> **Exercise**
Working from the records below, repeat exactly the lines starting at the line that contains "two pictures of" and ending at the line that contains "Hand Drawn Illustration", inclusive.

> **Material provided**
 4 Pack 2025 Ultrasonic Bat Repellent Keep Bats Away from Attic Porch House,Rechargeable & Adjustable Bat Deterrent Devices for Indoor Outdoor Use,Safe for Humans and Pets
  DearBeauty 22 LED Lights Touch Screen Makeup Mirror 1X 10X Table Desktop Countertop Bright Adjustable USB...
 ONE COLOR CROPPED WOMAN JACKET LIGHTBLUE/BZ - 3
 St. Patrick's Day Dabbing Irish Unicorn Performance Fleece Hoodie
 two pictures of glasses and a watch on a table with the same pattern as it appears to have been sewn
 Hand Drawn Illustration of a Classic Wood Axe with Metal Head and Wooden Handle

--

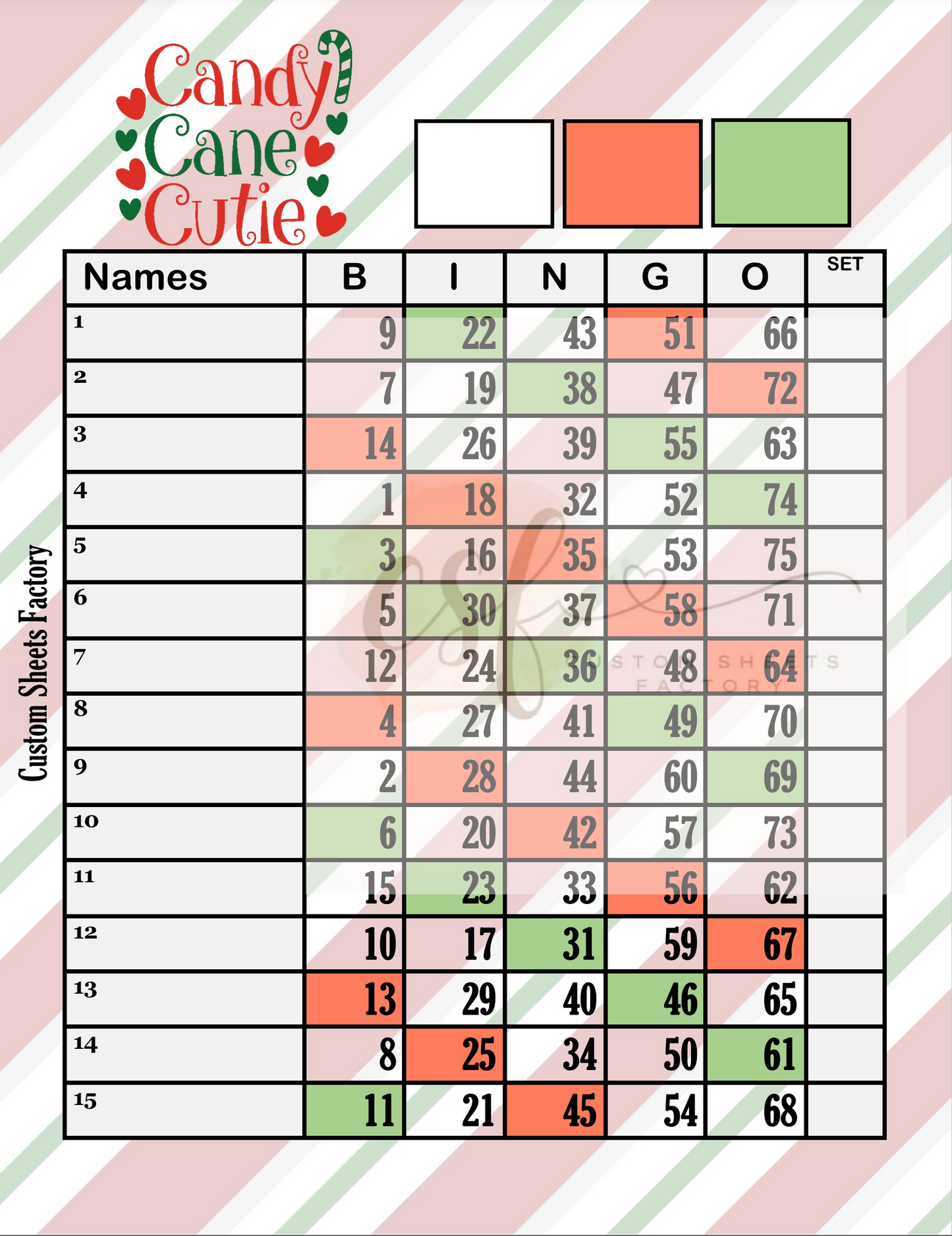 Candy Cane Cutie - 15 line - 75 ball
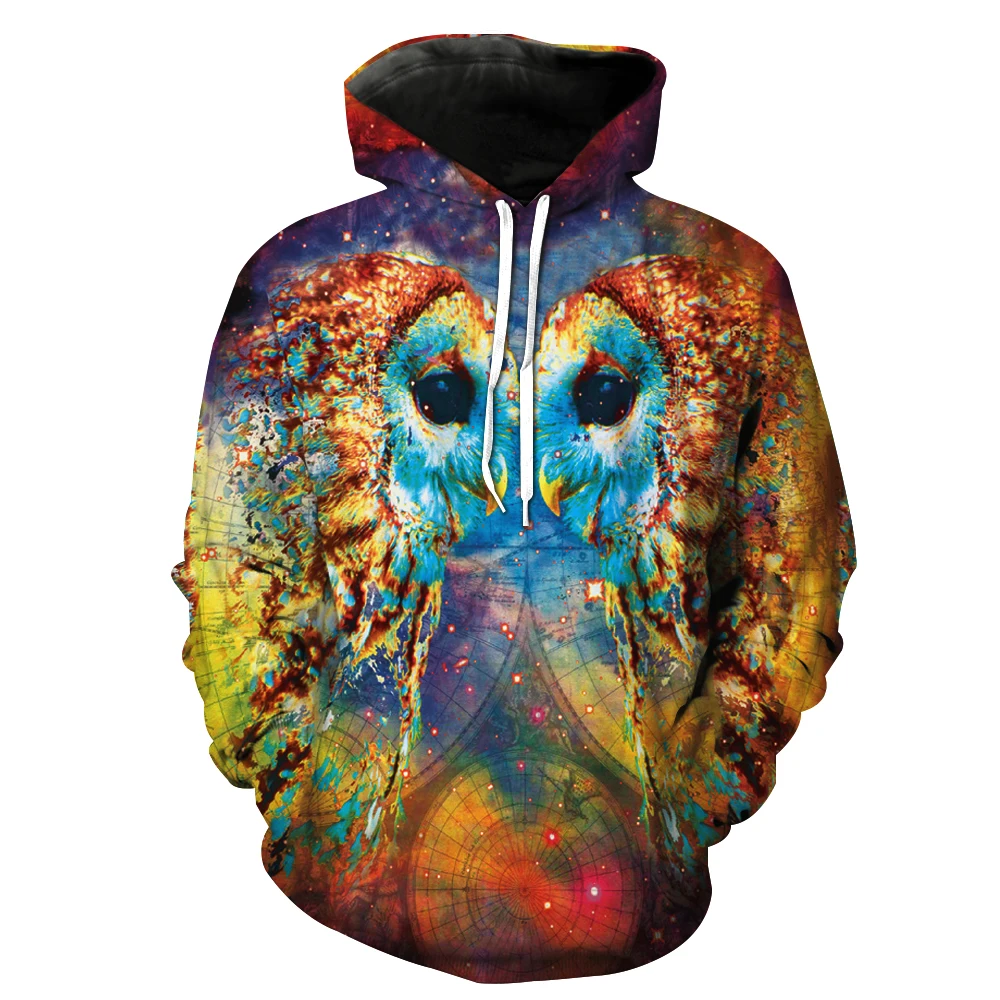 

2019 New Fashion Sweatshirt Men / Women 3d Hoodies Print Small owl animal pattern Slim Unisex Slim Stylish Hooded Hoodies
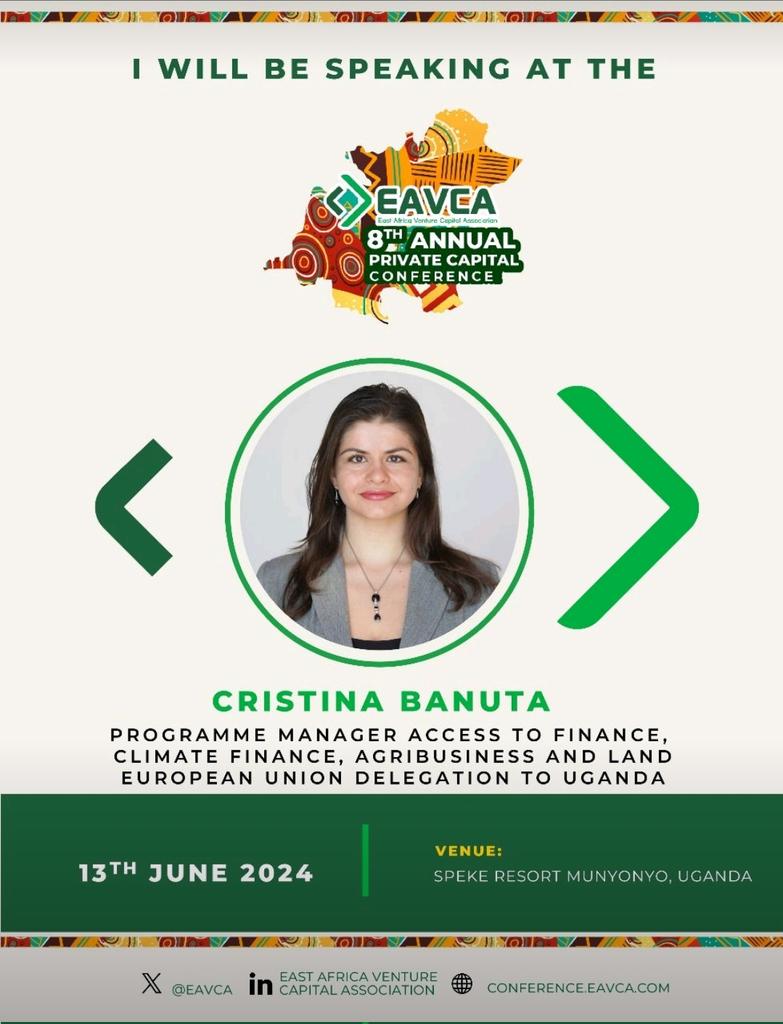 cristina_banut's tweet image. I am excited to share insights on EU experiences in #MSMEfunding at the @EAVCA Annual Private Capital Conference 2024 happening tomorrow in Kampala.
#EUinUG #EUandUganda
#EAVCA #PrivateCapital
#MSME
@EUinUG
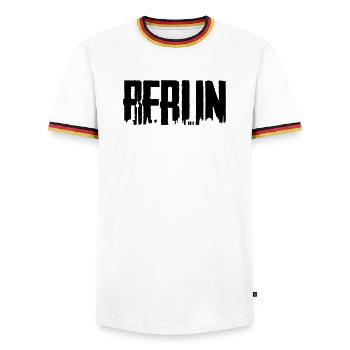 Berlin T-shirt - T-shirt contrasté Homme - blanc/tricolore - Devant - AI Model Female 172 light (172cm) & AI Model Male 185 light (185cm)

==

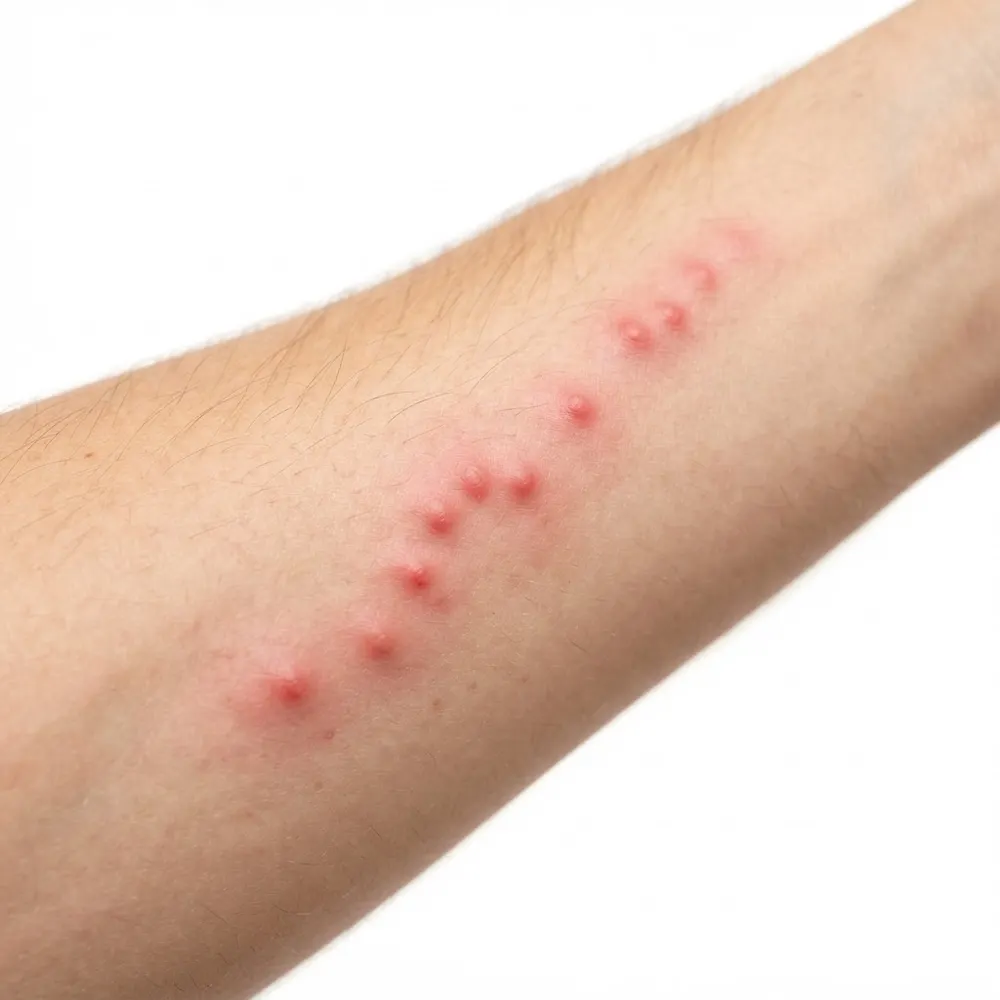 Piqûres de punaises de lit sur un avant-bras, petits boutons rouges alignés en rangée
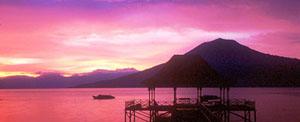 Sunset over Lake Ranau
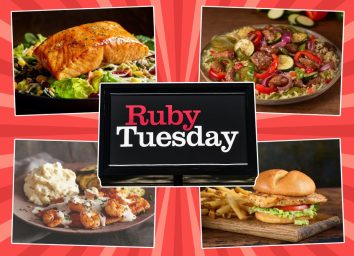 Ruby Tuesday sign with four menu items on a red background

> **Answer**
 two pictures of glasses and a watch on a table with the same pattern as it appears to have been sewn
 Hand Drawn Illustration of a Classic Wood Axe with Metal Head and Wooden Handle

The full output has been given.